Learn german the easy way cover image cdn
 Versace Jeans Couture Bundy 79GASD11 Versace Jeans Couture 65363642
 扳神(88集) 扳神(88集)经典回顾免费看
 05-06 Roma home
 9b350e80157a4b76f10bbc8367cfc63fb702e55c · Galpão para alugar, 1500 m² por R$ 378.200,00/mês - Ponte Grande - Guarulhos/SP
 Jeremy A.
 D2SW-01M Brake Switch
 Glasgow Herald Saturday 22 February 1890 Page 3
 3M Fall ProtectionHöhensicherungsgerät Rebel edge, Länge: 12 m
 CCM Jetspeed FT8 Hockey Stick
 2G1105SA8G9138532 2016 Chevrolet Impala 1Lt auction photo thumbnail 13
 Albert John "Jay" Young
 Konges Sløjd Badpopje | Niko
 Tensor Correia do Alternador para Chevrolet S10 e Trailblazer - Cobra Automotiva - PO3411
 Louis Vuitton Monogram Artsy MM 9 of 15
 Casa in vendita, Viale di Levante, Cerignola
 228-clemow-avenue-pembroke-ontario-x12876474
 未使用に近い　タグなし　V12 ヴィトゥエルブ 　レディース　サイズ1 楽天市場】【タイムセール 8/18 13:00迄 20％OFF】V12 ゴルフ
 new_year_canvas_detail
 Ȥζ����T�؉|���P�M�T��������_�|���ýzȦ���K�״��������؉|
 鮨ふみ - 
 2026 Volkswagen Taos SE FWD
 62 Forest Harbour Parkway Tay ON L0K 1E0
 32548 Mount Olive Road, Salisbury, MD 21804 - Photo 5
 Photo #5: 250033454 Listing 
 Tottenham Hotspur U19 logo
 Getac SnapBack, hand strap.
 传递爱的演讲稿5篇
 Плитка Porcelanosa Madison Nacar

▶ [What this task involves] Both ends count here. Reproduce exactly the lines from the one containing "Getac SnapBack, hand strap." through the end of the listing.

▶ [Answer section]
 Getac SnapBack, hand strap.
 传递爱的演讲稿5篇
 Плитка Porcelanosa Madison Nacar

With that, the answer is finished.